Traduzido em português por Ícaro Alencar de Oliveira. Rio Branco, Acre – 07/10/2020.

Fonte: https://www.pre-trib.org/articles/dr-thomas-ice/message/the-coming-kingdom-part-1/read


Notas:

[1] Citado em Roger Oakland, Faith Undone (Silverton, OR: Lighthouse Trails, 2007), 163.

[2] Brian McClaren, A Generous Orthodoxy (Grand Rapids: Zondervan, 2004), 111.

[3] Citado em Oakland, Faith Undone, 158.

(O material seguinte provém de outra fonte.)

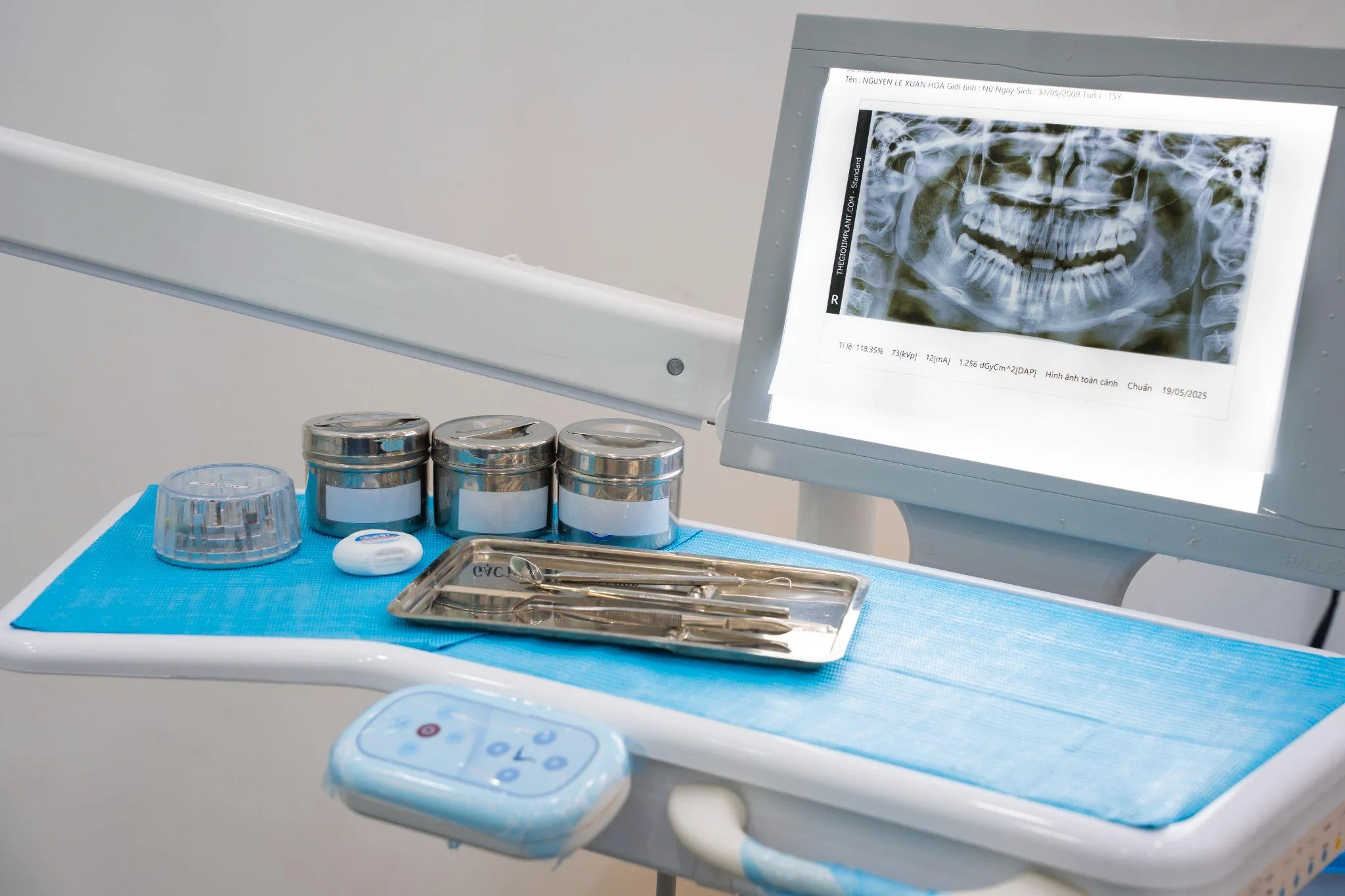cone beam ct implant - hình 3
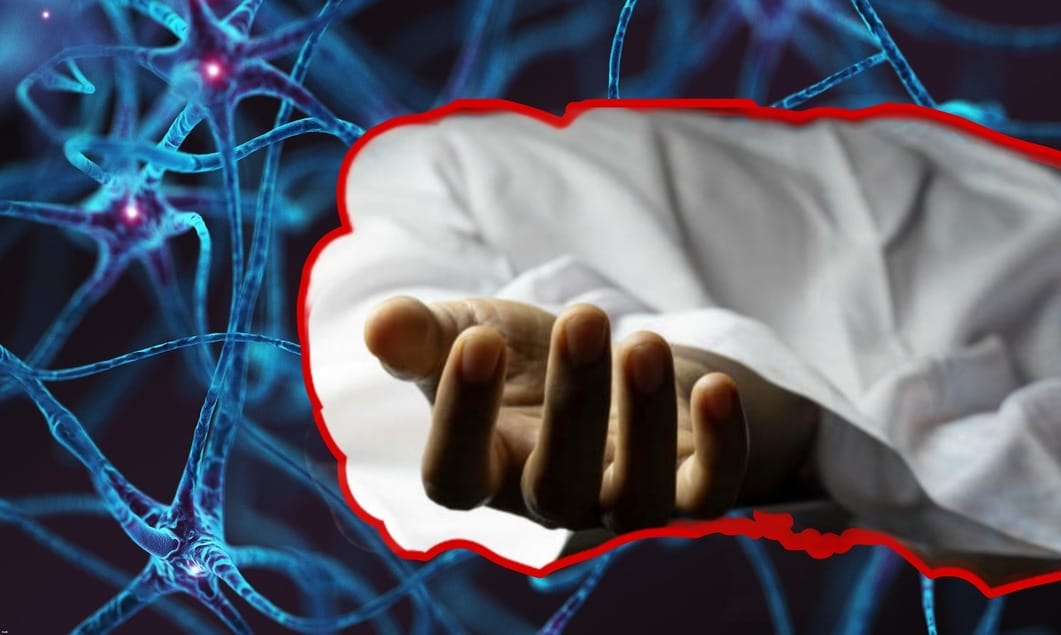 GBS Syndrome Outbreak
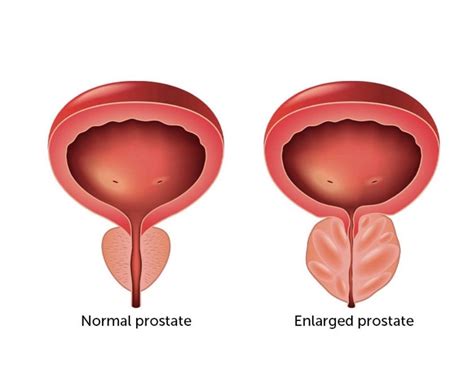 The Best Treatment For Benign Prostatic Hyperplasia Aquablation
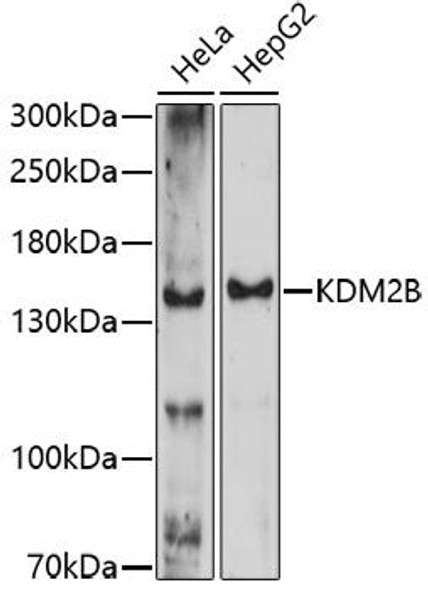 Epigenetics and Nuclear Signaling Antibodies 2 Anti-KDM2B Antibody CAB16017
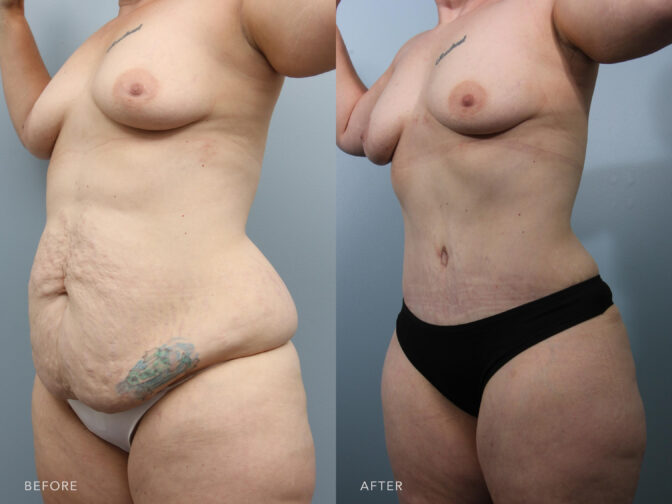 This is a side by side view photos of a woman's body before and after Abdominoplasty with Liposuction procedure. Before photo shows her baggy abdomen while after photo shows her tighter and evenly shaped abdomen. | Albany, Latham, Saratoga NY, Plastic Surgery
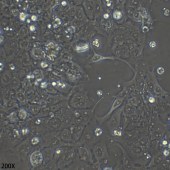 TSINGKE TC‒H0026 NCI-H1573 人非小细胞肺腺癌细胞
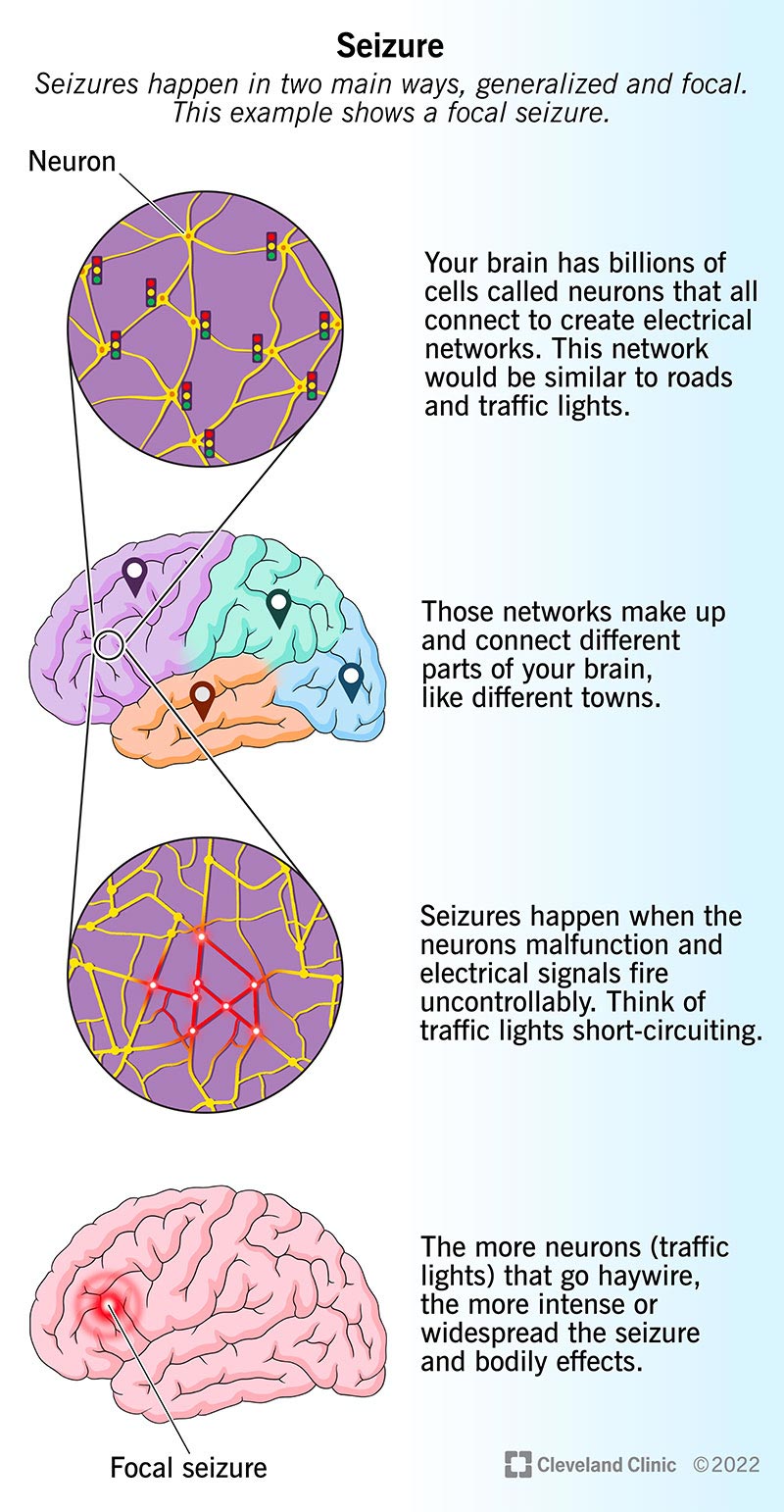 Le reti neurali nel cervello trasmettono segnali.  Le convulsioni interrompono questo flusso elettrico.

[4] Charles C. Ryrie, Basic Theology (Wheaton: Victor Books, 1986), 397-98; Alva J. McClain, The Greatness of the Kingdom  (Grand Rapids: Zondervan, 1959), 19-21; Renald Showers, “Critique of Progressive Dispensationalism,” Friends of Israel National Conference (June 2003), 9-14.

[5] Ryrie, Basic Theology, 511.

[6] Alexander Hislop, The Two Babylons (reprint, New York: Loizeaux, 1959), 19-90; John Walvoord, “Revelation,” in Bible Knowledge Commentary, ed. Walvoord and Zuck (CO: Victor, 1983), 970.